I have a Series of lists and would like to index the first element of each list in a data frame of lists using pandas. How can I do this?
Working example
My original dataset is a pandas data frame that looks like:
# Import raw dataset from URL
url = 'http://archive.ics.uci.edu/ml/machine-learning-databases/auto-mpg/auto-mpg.data'
column_names = ['MPG', 'Cylinders', 'Displacement', 'Horsepower',
'Weight', 'Acceleration', 'Model Year', 'Origin', 'Carname']
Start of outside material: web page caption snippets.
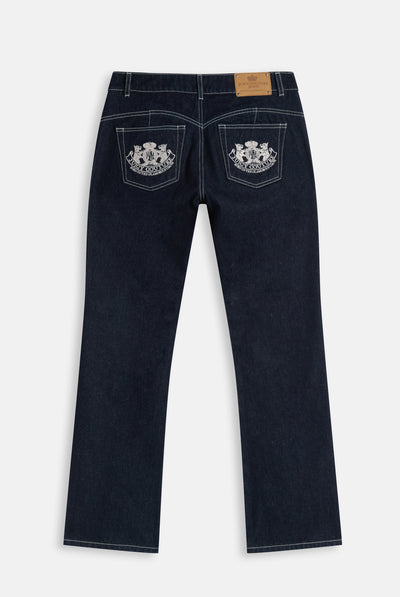 Indigo Denim Dog Crest Bootcut Jeans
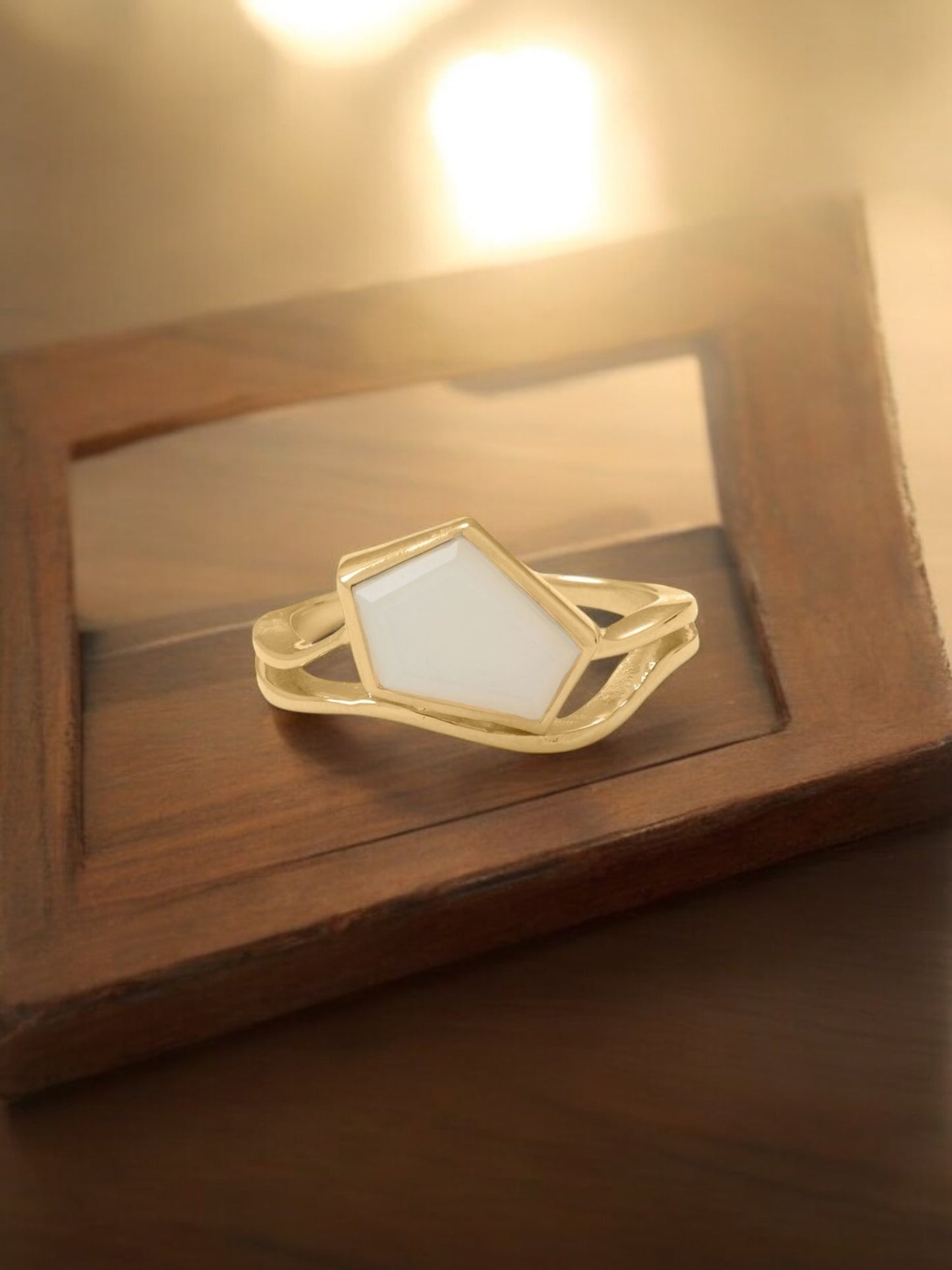 Pentagon Moonstone Yellow Gold Ring - Sparks and Gem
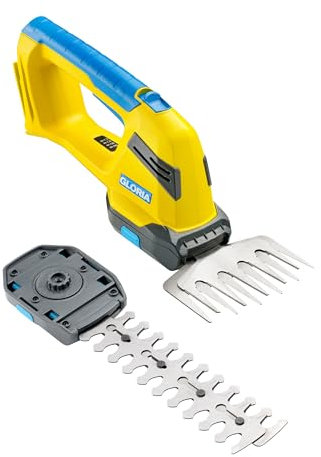 GLORIA Cisaille à gazon et arbuste FineCut 18V compact | Avec couteau à gazon XL de 14 cm et lame arbustive de 20 cm | Compatible avec batterie Bosch 18V (sans batterie ni chargeur) | Taille-haie pour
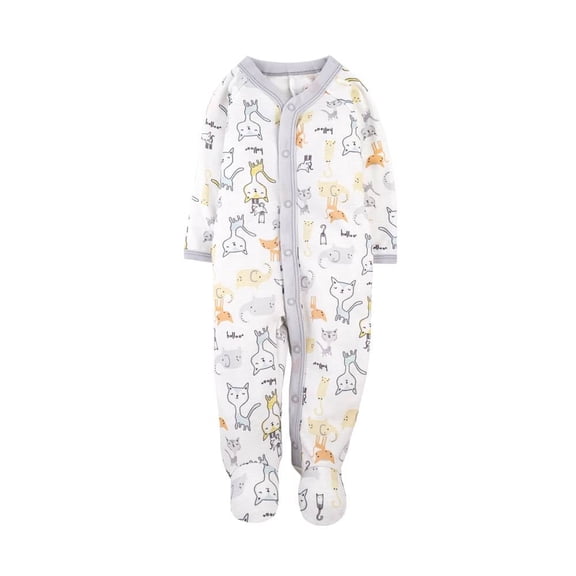 Mameluco Baby Creysi One For You Unisex 6M Estampado Gatos Gris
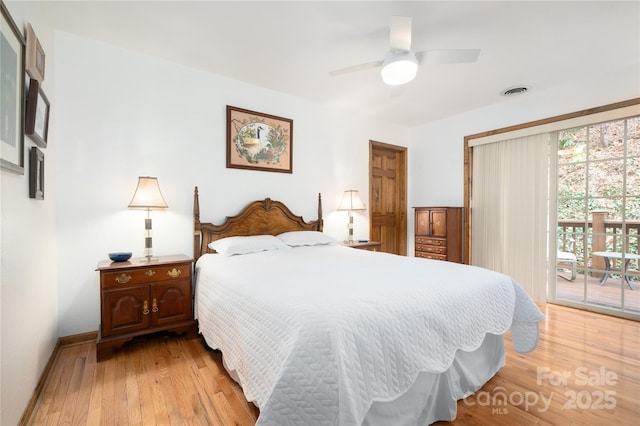 bedroom with visible vents, a ceiling fan, light wood finished floors, baseboards, and access to exterior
train = pd.read_csv(url, names=column_names,
na_values='?',sep='\s '
, skipinitialspace=True)
temp1 = pd.DataFrame(train["Carname"].str.split())
print(temp1)
Carname
0 [plymouth, champ]
1 [amc, matador]
2 [chevroelt, chevelle, malibu]
... ...
1489 [vw, dasher, (diesel)]
1490 [honda, accord]
1491 [ford, escort, 4w]
The desired result for this would be something like,
'plymouth'
'amc'
'chevroelt'
.....
CodePudding user response:
You can use the string accessor .str[]
, as follows:
temp1['Carname'].str[0] # str[0] for first element in list
Result:
0 chevrolet
1 buick
2 plymouth
3 amc
4 ford
...
393 ford
394 vw
395 dodge
396 ford
397 chevy
Name: Carname, Length: 398, dtype: object
CodePudding user response:
You could apply a function to the series that selects the first element of each series item, resulting in a new series:
s_first_elements = s.apply(lambda x: x[0])